Phase 2 is a lie Andy Kyte, VP & Gartner Fellow was an amazing orator with a charming accent, but the content of his lecture, “Stop Aiming for Successful Projects — Start Aiming for Successful Applications” was the star of the show. He stood up in front of an audience full of project managers and called them out on the “Phase 2″ phenomenon.
As any PM knows, a project’s scope, schedule, and budget make up the Iron Triangle /Triple Constraints. An adjustment to one aspect affects the others—for better or worse. For example: Sales wants the product out faster? Cut features or throw more money at it. Marketing wants more competitive features? Be prepared to extend the deadline and/or hire more people. And so on. Andy correctly identified Scope as the softest piece because of a little trick called Phase 2, which goes like this:
- Business: The project is taking too long
- PM: How about cutting some of the features to pull the release date in?
- Business: No, those are essential
- PM: How about instead of cutting them, we break the release into more than one release? Phase 1 will definitely release on time. The lower-priority, unsexy essential features will come out in a follow-up release, Phase 2. It’s like, totally Agile ‘n stuff. You want to be Agile, right?
- Business: Um, yeah . . . of course we are. And phase 1 will release on time? Good. Make it happen.
Consequently, the Business feels great about their decision and the fact that the project is now “on time” again. Phase 2, however, is likely to get deprioritized because it’s not nearly as sexy as all the other new features that the Business wants by the time Phase 1 comes out. What’s worse, many of the unsexy features pushed to Phase 2 were for maintaining the application and flexibility for future upgrades. The result is that the Business and/or Customer is stuck with a suboptimal application, and Ops is stuck with undue maintenance overhead. That’s all people care about—the crappy application you guys built. But hey, it launched on time, right?
Account for ghost stakeholders
Another insight from Andy Kyte was that the end of any project is really only the end of the beginning of a support cycle for the application you just built. Good PMs gather stakeholder’s requirements and use them to build solid software applications. However, not all your stakeholders even exist yet. The person responsible for maintaining the application in a year? How about the PM responsible for upgrading the product 3 years later? Are these stakeholders’ requirements represented in the plan? Andy went as far as saying to bring empty chairs into every project planning meeting and label them “future maintenance manager”, “upgrade project PM” and so on. This is brilliant and really inspires people to take these non-functional requirements into account to build a solid application.
Sand doesn’t exist
We’ve all heard the prioritization analogy of filling a jar first with big rocks, then pebbles, then sand. So, how should we “fill up” a software or IT engineer’s time? Donna Fitzgerald, Research VP at Gartner,gave her answer to the question. She described the big rocks as projects, and sand as the tiny things that need to be done—small bug fixes, little feature enhancements, overhead tasks, and so on. Some project managers will schedule the big rock projects and expect the sand to get done if the engineer has a few spare moments. However, this almost never happens—nor should it. If a developer gets a small reprieve in the schedule, that “spare time” is much better spent taking a breath and thinking about the big rock project. Refactoring opportunities, missed requirements and code reviews are essential to successful projects. Compare this to the randomization effect of thinking about unrelated pieces of a different puzzle.

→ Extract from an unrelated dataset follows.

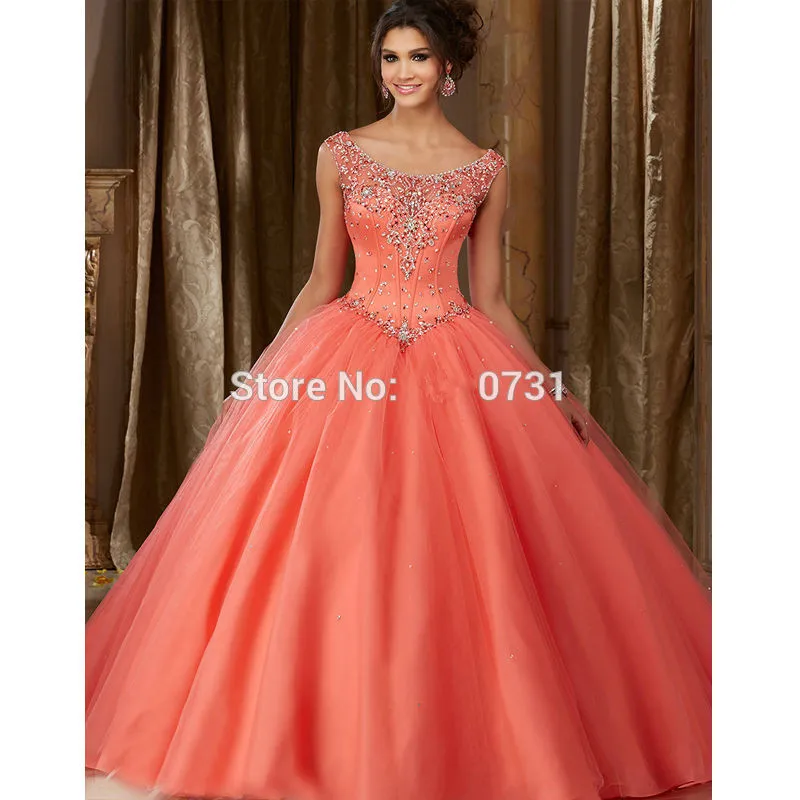 Mint Green Puffy Cheap Quinceanera Dresses Ball Gown Tulle Beaded Pearls Sweet 16 | Свадьбы и торжества
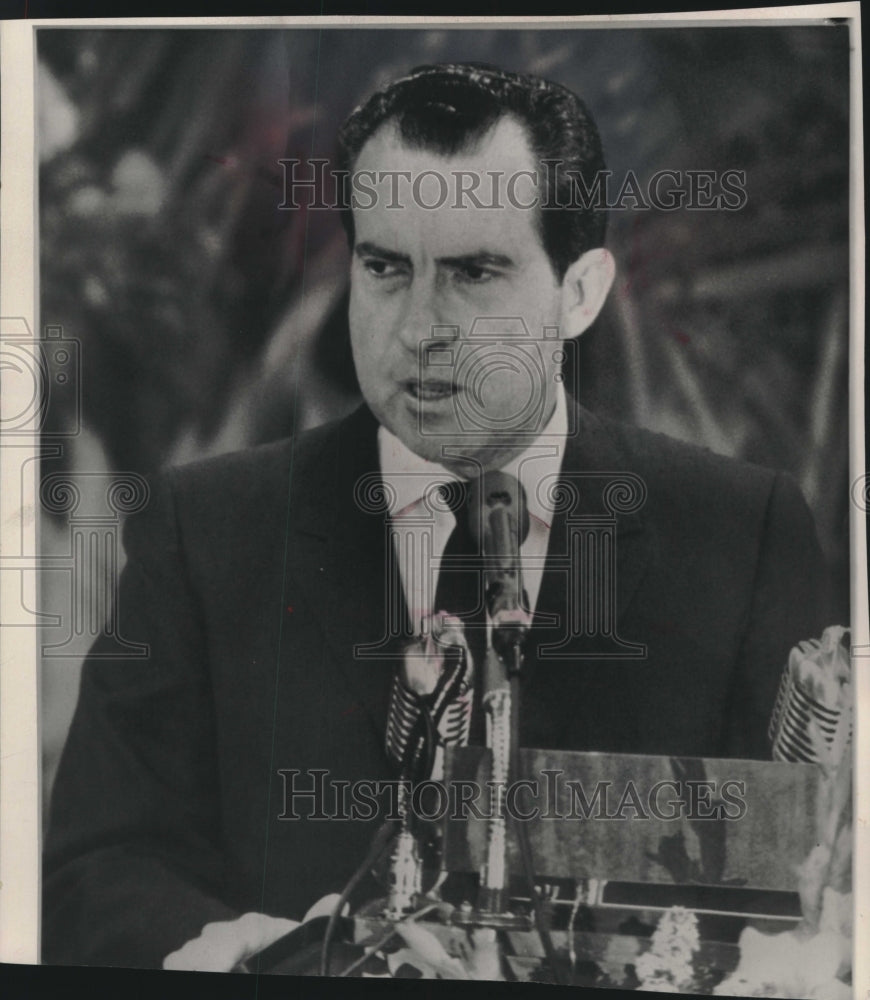 1963 Press Photo Richard M. Nixon speaking - mjc20407- Historic Images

Being scary doesn’t mean you’re the bad guy
Tina Nunno, VP & Gartner Fellow, gave a speech about using extreme tactics to get things done in your organization, based on her book, The Wolf in CIO’s Clothing, which I highly recommend. The crux of the speech was that without strong leadership, an organization descends into chaos. It’s the duty of a good leader to use strategies and tactics to not let that happen—be it power, manipulation or warfare. There are “light side” tactics and “dark side” tactics for all of these, which should be used as the situation calls for them. Her example of the best type of leader is the wolf. A wolf is a social animal that is most effective when collaborating with a strong team—and can even be friendly. But, a wolf can bite people’s faces if necessary—unlike a sheep that always runs, or a shark that always kills. Knowing how and when to use the various extreme tactics is the mark of a strong wolf leader.
If you were at the Summit, what were your highlights?